The flight takes 5 hours to reach Antarctica. McMurdo station is not actually located on the continent, but is on Ross Island which is the furthest point south accessible by sea. Ross Island is surrounded by a permanent ice shelf (Ross Ice Shelf), which is where the Long Duration Balloon (LDB) hangars are.The plane lands on the ice shelf on regular tires, not on skis. McMurdo has ~1000 people in the summer and ~200 people in the winter. It is the largest of any base in Antarctica. It is 77 degrees south, almost directly underneath New Zealand (2500 miles to the north). It is still another 900 miles down to the South Pole. There is a smaller American base at the Pole, and one on the Antarctic Peninsula underneath Chile/Argentina. The average summer temperature is between 0-25 F, but the wind chill often makes it feel much colder. The South Pole is approximately 10,000 ft in elevation, and so there are gravitationally-driven winds coming off the continent making it very windy most of the time. It will still snow in the summer, although it is much colder, stormier, and snowier in the winter.


McMurdo station as seen from the tip of Observation Hill. You can see that a lot of the snow melts in the summer. Ross Island is volcanic, ansd so the rocks and dirt are all very dark and absorb heat easily. By the end of January, a lot of the sea ice will melt as well.


Boarding the Kress transport vehicle after we landed. We take the Kress to the LDB balloon hangar every day as well.


Glacier on the continent of Antarctica. It was beautifully lit from a part in the clouds.


Helicopter about to land at McMurdo.

After we had settled into our rooms, Chris and I took a hike up Observation Hill, which was used by Scott and his crew began their voyage in 1911. There is a cross at the top as a monument to those who perished returning from the south pole during the expedition.


Panoramic view from on top of Observation Hill.

The ballooning facility is located ~10 miles from the McMurdo base on the Ross Ice Shelf. It is called LDB for Long Duration Ballooning facility. There are two hangars, each with a different balloon project. There are several other supporting buildings and offices at the camp. The launch pad is behind the hangars and stretches in a circular pattern with a diameter of 2000 ft along the ice shelf. The ice is about 30 yards thick here and is permanent year round, unlike sea ice which is much thinner and recedes throughout the summer. The exact location of the LDB changes slightly each ear as the ice shifts. The buses must traverse a crevasse field on their way to and from base.


Welcome flags at LDB field location.


The LDB balloon station. STO-2 is in the right hangar this year.

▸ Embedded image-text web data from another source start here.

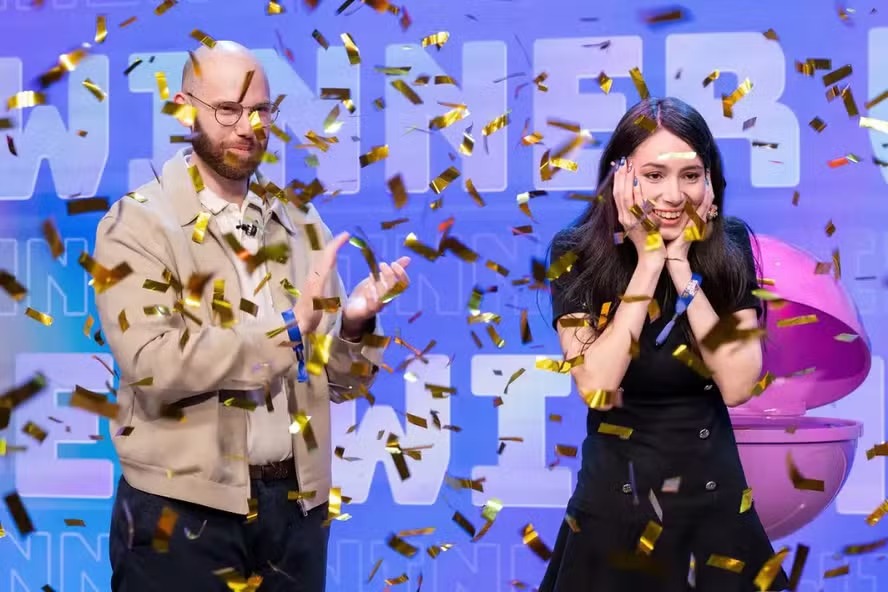 Baiana vence mundial de game e leva prêmio milionário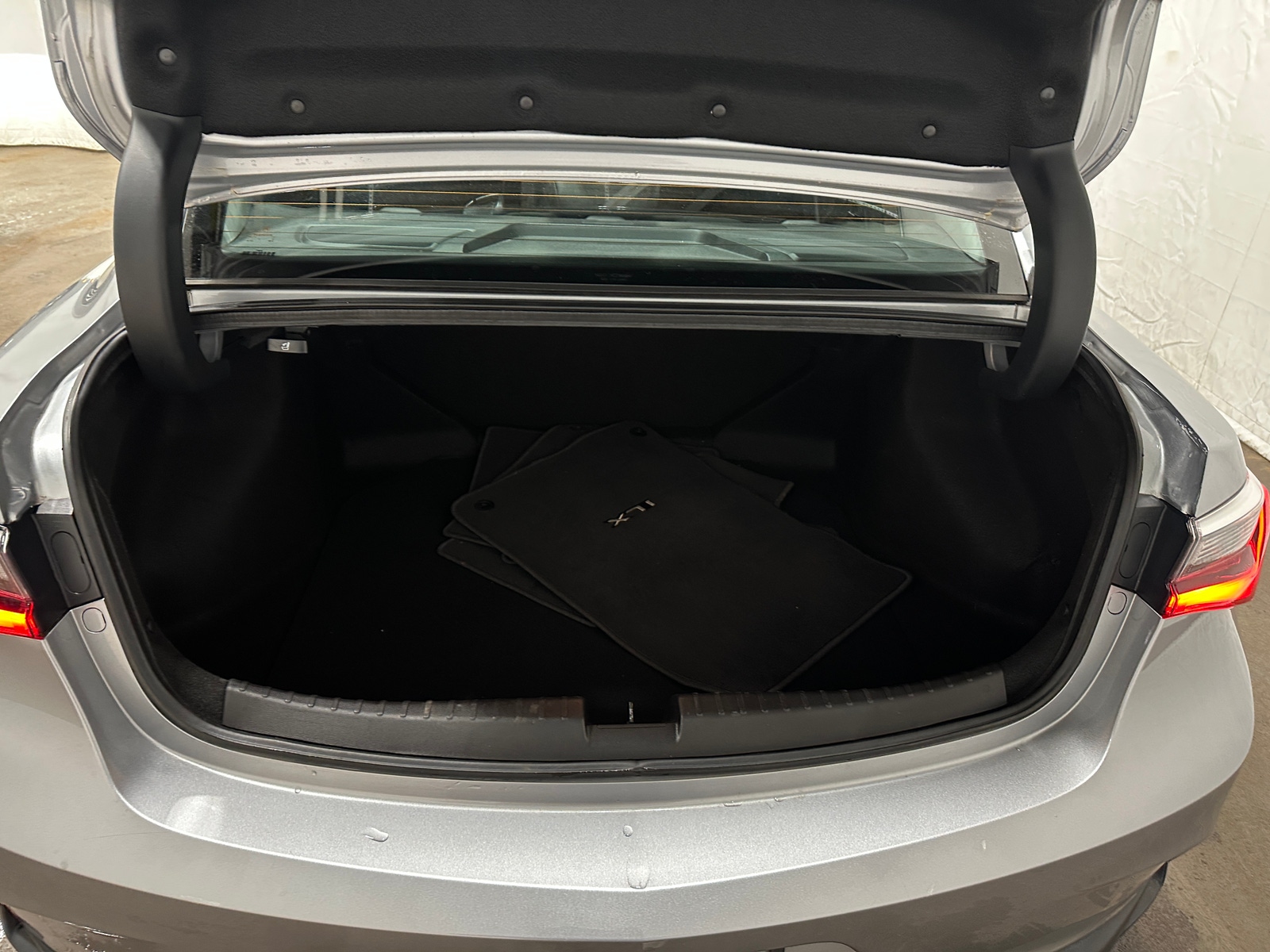 Thumbnail: 2020 Acura ILX - 6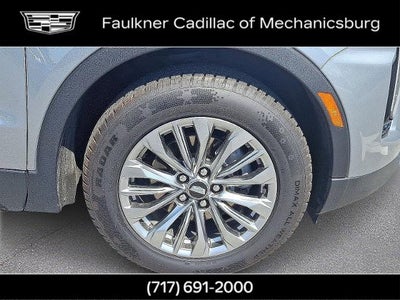 2025 Cadillac XT4 Premium Luxury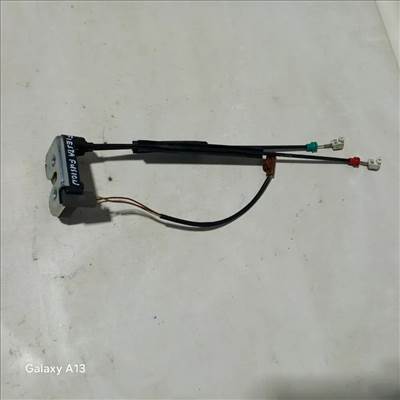 Ford Fusion Csomagtér ajtó zár
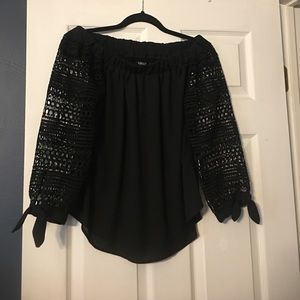 Express off the shoulder top. Black. size small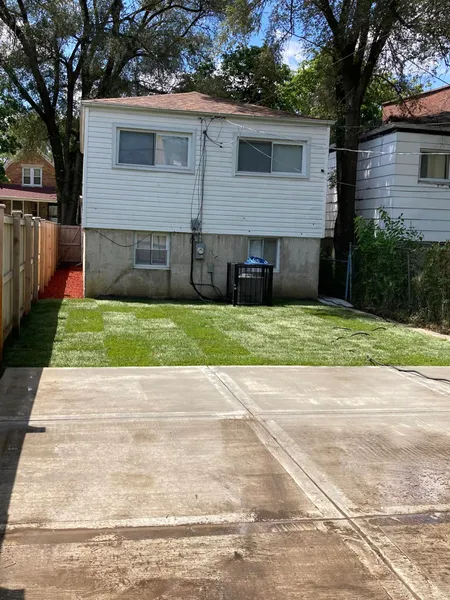 Gallery image 5 — weekly lawn maintenance near me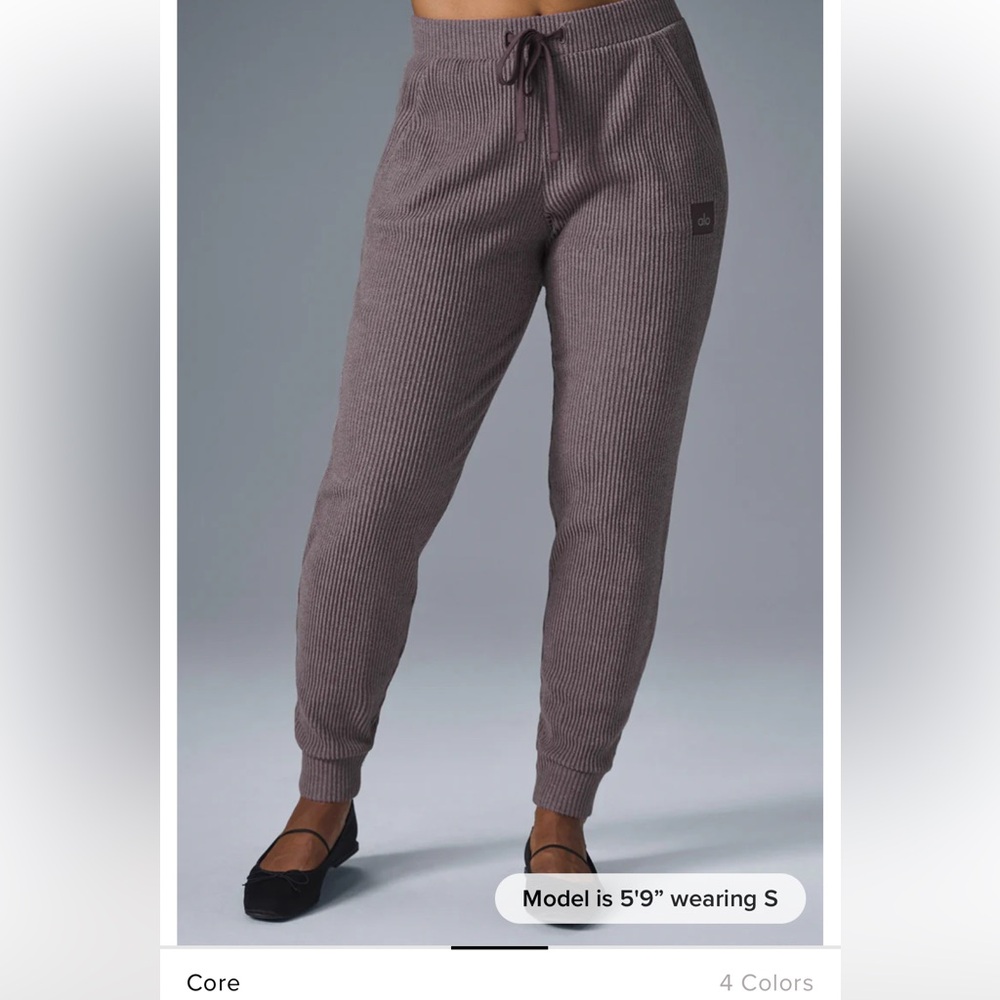 Alo Muse sweatpants in mauve/purple (M)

The launch area is behind everything.


Mt. Erebus as seen from LDB. It is an active volcano, and sometimes you can see ash coming out of the top. While it looks close, it takes nearly a day to reach the base by snowmobile.


Weddell seal basking in the midnight sun. There is 24 hours of daylight at this time of year in McMurdo. This picture was taken at ~8 PM.

I am still getting settled into life on the base and preparing for launch. I will post again soon about the progress of the pre-flight assembly.